The movement in Algeria demanding the immediate resignation of ailing President Abdelaziz Bouteflika continues to pick up steam. Working people view his March 11 announcement that he would not run in upcoming elections, coupled with postponing elections until after the writing of a new constitution, as a subterfuge.
The announcement was answered by hundreds of thousands of people who flooded the streets of Algiers March 15. This was the biggest action yet since protests broke out across the country after Bouteflika said in February that he planned to run for a fifth term in the April 18 elections. A general strike March 11 included public-sector unions and shopkeepers.
“No to the violation of the constitution,” “System, get out. The people have arrived,” “You prolong your term, we prolong our combat,” were among the signs carried at the March 15 protest.
Another sign said, “Not Washington or Paris. Only we ourselves will elect the president,” directed at imperialist intervention in Algeria. Protesters were incensed at the tweet by French President Emmanuel Macron that Bouteflika’s announcement “has opened a new page in Algerian democracy.”

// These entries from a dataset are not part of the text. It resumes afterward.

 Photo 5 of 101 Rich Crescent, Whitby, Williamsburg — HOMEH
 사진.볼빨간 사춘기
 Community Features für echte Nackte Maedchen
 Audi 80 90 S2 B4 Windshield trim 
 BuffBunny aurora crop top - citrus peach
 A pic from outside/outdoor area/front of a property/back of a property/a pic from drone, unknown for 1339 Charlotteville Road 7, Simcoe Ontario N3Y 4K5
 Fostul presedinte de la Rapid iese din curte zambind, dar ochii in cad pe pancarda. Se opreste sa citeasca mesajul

Bourgeois opposition parties have played little role in the actions, which tens of thousands of young people have helped lead. Half of the population of Algeria is under 30 years old and over a quarter of those are unemployed.
Protesters chanted, “We wanted elections without Bouteflika, we were given Bouteflika without elections,” reported BBC News.
Bouteflika, 82, has been president of this former French colony since 1999 and played a key role in negotiating an end that year to a bloody 10-year conflict with armed Islamist groups. He was paralyzed from a stroke in 2013 and has not addressed the country since then and rarely appears in public. The government is run by the army, his supporters in the National Liberation Front party, his brother Said, and capitalists who have lucrative state contracts.
In 1962 working people made a revolution, overthrowing French colonial rule in Algeria. A workers and farmers government came to power headed by Ahmed Ben Bella. But three years later it was overthrown in a coup organized by Minister of Defense Col. Houari Boumedienne, who was supported by then Foreign Minister Bouteflika. The gains of the revolution were reversed.
Ben Bella was thrown in prison for 15 years, then exiled for another decade. The revolutionary government of Cuba had supported the Algerian Revolution with economic and military aid, doctors and other health workers, and helped defend Algeria against provocations from neighboring Morocco in 1963.
In a June 27, 1965, speech, Cuban revolutionary leader Fidel Castro denounced the coup, which was carried under the banner of “defending” the revolution. “Those who disregard the force of the masses and who may try to replace them with the force of the barracks, behind the people’s back” can never be revolutionary, Castro said.
Export of oil and gas accounts today for 95 percent of the country’s foreign earnings. The government had used some of the energy profits to fund welfare programs aimed at keeping workers and farmers from rising up.
But since 2014 when crude oil prices plummeted to $50 a barrel welfare programs have been slashed and inflation has risen. Economic growth fell to 2.3 percent in 2018 from 3.8 in 2014. The oil industry has been rife with corruption and oil bosses are “watching with concern to see if strikes that have hit other industries spread to Algeria’s energy industry,” said the Washington Post.
In France, which has the largest population of Algerians outside the country, some 10,000 people protested at Republic Square in Paris March 3. Six thousand demonstrated in Marseille, and there was another rally in Bordeaux.
Several thousand Algerians rallied in front of the Algerian Consulate in Montreal March 17. This was the fourth protest there in as many weeks in solidarity with the actions in Algeria.
“We are against the rule of Bouteflika and the regime,” Mustafa Deba, a mechanic, told the Militant there. “We are for a regime chosen by the people.”
Joe Young contributed to this article from Montreal.